* **Raw data**
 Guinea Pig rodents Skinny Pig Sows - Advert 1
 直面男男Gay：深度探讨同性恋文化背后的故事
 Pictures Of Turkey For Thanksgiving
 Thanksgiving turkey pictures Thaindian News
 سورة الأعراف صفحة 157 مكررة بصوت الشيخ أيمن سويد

--

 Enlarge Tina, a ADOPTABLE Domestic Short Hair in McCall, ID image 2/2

* **Work request**
The expected answer is an exact copy of the lines above, beginning at the line with "Guinea Pig rodents" and ending at the line with "سورة الأعراف صفحة", with both ends in.

* **Result of this task**
 Guinea Pig rodents Skinny Pig Sows - Advert 1
 直面男男Gay：深度探讨同性恋文化背后的故事
 Pictures Of Turkey For Thanksgiving
 Thanksgiving turkey pictures Thaindian News
 سورة الأعراف صفحة 157 مكررة بصوت الشيخ أيمن سويد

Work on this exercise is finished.